No doubt, 2014 is a pivotal year in the health care industry. With the individual mandate, market reforms and new insurance taxes—and quite a lot of other provisions—now in effect, it's the most important year yet for the Patient Protection and Affordable Care Act.
Brokers, carriers and other benefits experts are looking into new ways of business, while holding on to tried-and-true methods. Think voluntary benefits, consumer-driven health plans and a new focus on consulting.
We asked some experts about their thoughts on the new year and what they're expecting for the industry.
Here's what they said.

Continued rise in consumer-driven health plans
“Organizations that haven't already widely adopted consumer-directed health plans will begin to see the Patient Protection and Affordable Care Act and the imminent Cadillac tax as a driving force to add CDH plans to their health benefit portfolios. Organizations that have rolled-out CDH plans in previous years will look to enhance their programs to improve performance and achieve additional cost savings through greater employee adoption and optimization.
Brokers will increasingly be called upon to be the 'quarterback,' integrating with or referring clients to best-of-breed solution providers for CDH education, ACA compliance services, etc… rather than trying to provide those services themselves.
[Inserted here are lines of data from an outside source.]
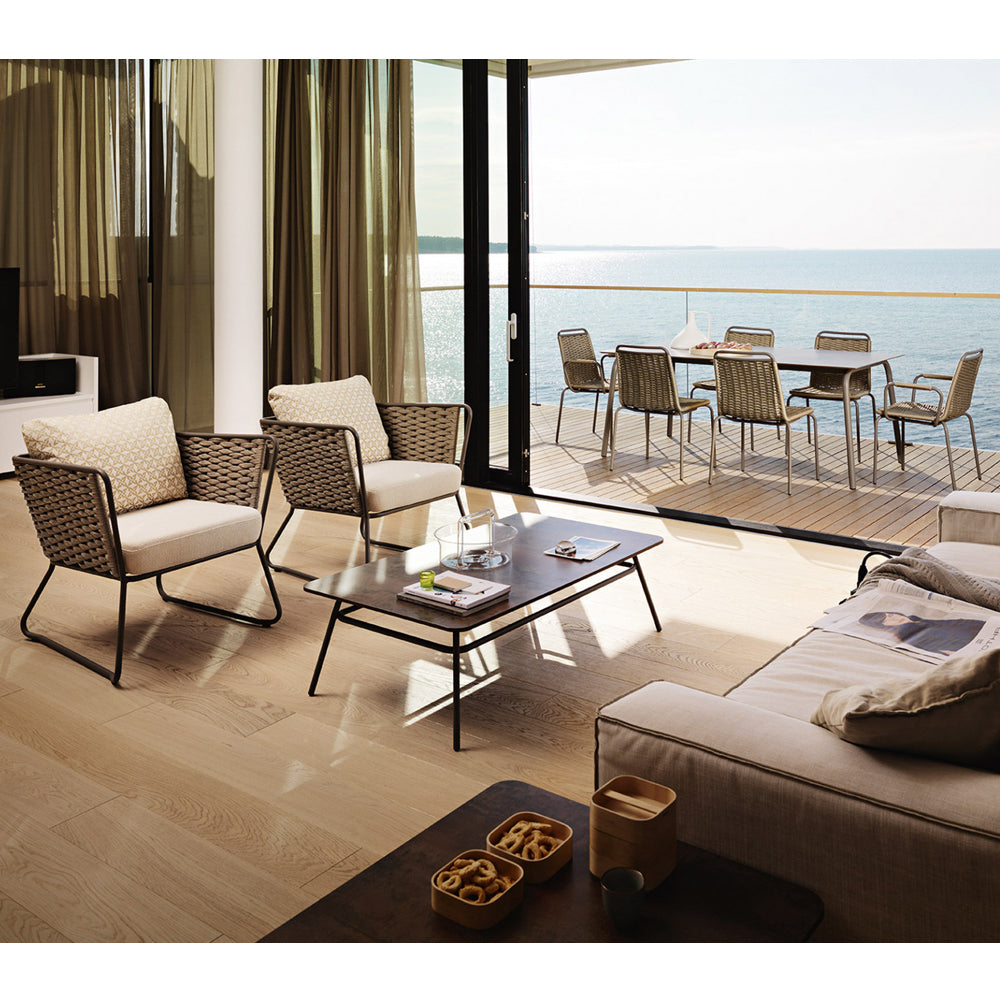 Portofino Rectangular Dining Table (Extendable) - Zzue Creation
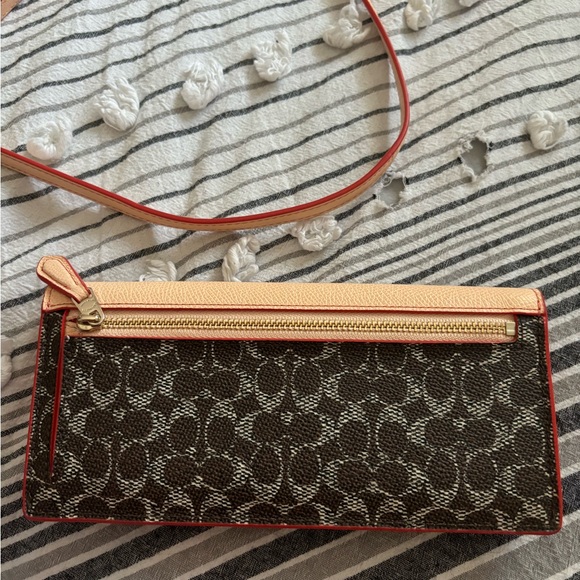 authentic matching coach crossbody purse and wallet !! - Picture 3 of 6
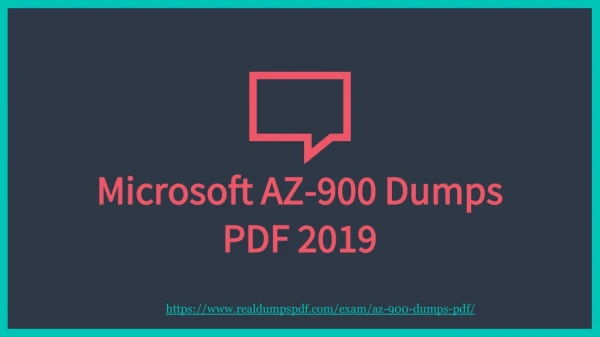 Test Your Skills Microsoft AZure AZ-900 Dumps Pdf 2019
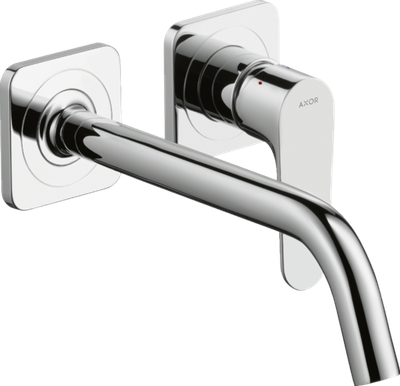 Mitigeur de lavabo encastré AXOR Citterio M 227 mm en laiton chromé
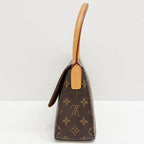 LOUIS VUITTON Brown Monogram Canvas Shoulder Bag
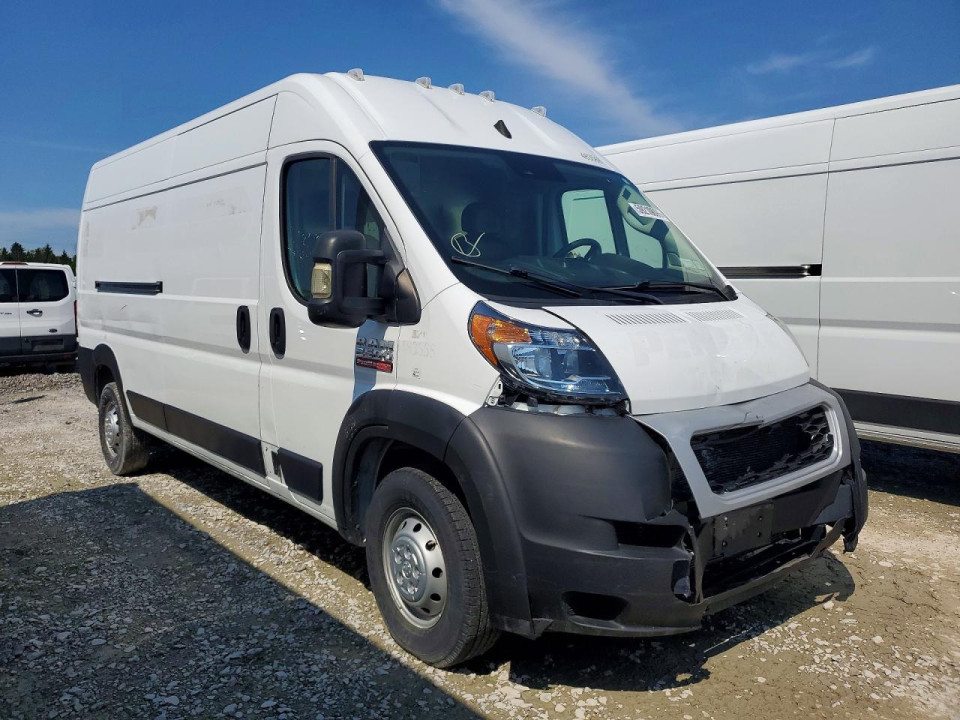 Ram PROMASTER 2022 — Copart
Or, they will need to find ways to charge for these services—they will not be able to provide unlimited free consulting to clients in the new world of health care.”
Duncan Van Dusen, co-founder and CEO of Tango Health, Austin

Growth of private exchanges
“In 2014, I anticipate we will continue to see the growth of defined benefit plans as employers examine their benefit costs and determine whether or not they will continue to subject themselves to the medical cost curve.
Similar to the move from pensions to 401(k)s, this is an opportunity for employers to better manage their bottom-line while providing employees with options for coverage. This will likely mean the further growth of private health exchanges to deliver these plans. Consumer-directed health plans could potentially benefit from this trend as employees will be acting as true consumers in their plans selections.”
Dennis Triplett, CEO of UMB Healthcare Services, Kansas City, Mo.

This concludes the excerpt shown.